(getbucks.co.uk, Buckinghamshire Advertiser and Buckinghamshire Examiner, 2014)
Travel writing – the two words spark images of adventure and romance. So it is fitting to imagine a travel writing series beginning, say, with an intrepid couple tapping on a borrowed typewriter as they float on a barge down an Amazon tributary.
This was the case for Hilary Bradt. Her story reads like a film and she will tell it next Tuesday in an talk entitled Wild Adventures and Extreme Publishing.
Hilary, 73, from Chalfont St Peter, where Bradt Travel Guides’ office still thrives in The Vale, first explored the Chilterns countryside. Then came a three-month hitchhiking trip to the Middle East before work in London. Here in 1964 she booked theatre tickets to see her much-loved Laurence Olivier in The Master Builder. She rushed in late with brother Andrew and realised they had the wrong play – it was The Royal Hunt of the Sun, about the Spanish conquest of Peru.
“Andrew was cross at my incompetence and I was disappointed but we decided to stay,” she said. “I have never heard of the Inca Empire and had no idea where Peru was, but by the end of the play I was hooked.”

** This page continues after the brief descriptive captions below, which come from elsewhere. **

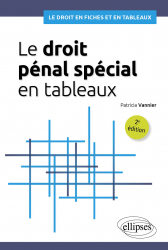 A paraitre chez Livres à paraitre de la collection Le Droit en fiches et en table - ellipses, Le droit pénal spécial en tableaux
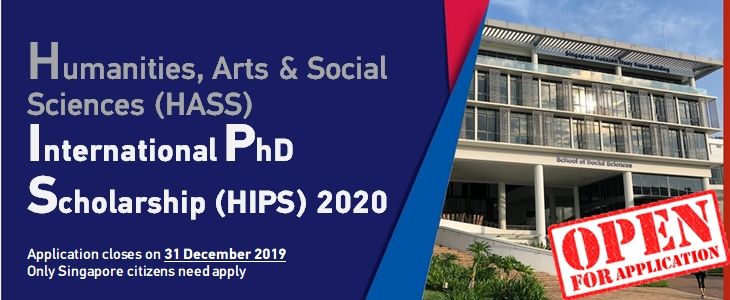 International PhD/Postdoctoral Scholarship for Singaporean Students, 2020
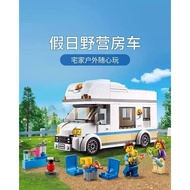China Building Block City Series Holiday Camping RV 60283 Travel Car Children Assembling Toy Gift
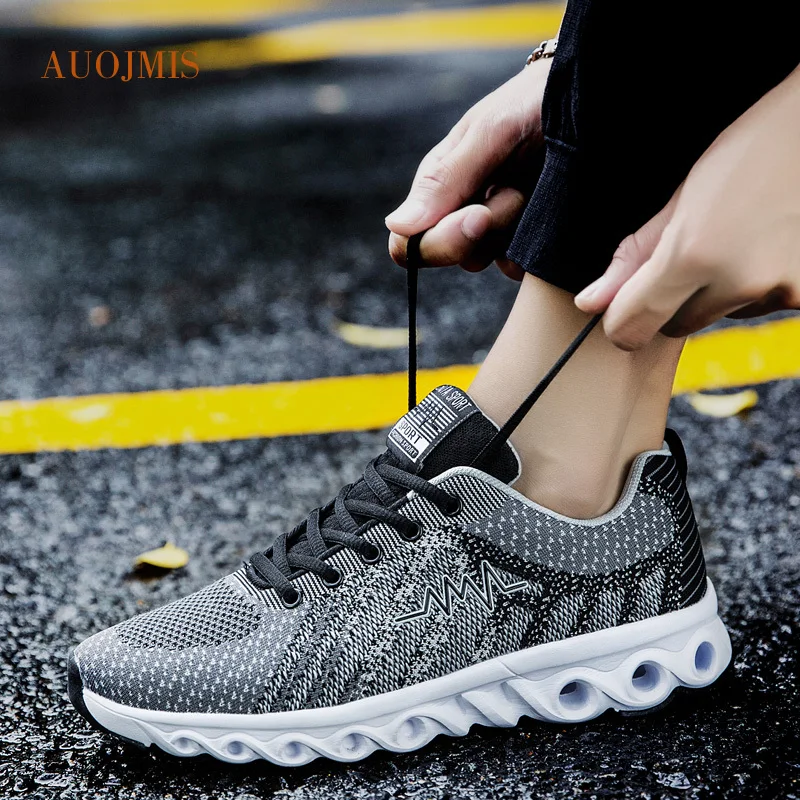 Мужская обувь AUOJMIS Новинка осени 2019 дышащие летающие тканые повседневные туфли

Five years later Hilary made it to Machu Picchu, a jaw dropping Inca site in the Peruvian mountains. She returned with her new husband George in 1973 and, after the barge trip, they published Backpacking along Ancient Ways in Peru and Bolivia. It was a 58-page booklet sent to George’s mother in Boston who retyped it and printed 1,000 copies sold for $1.95 each.
The book was riddled with typos, Hilary says, but it set Bradt’s theme of unusual destinations and eco-tourism and the business began to expand.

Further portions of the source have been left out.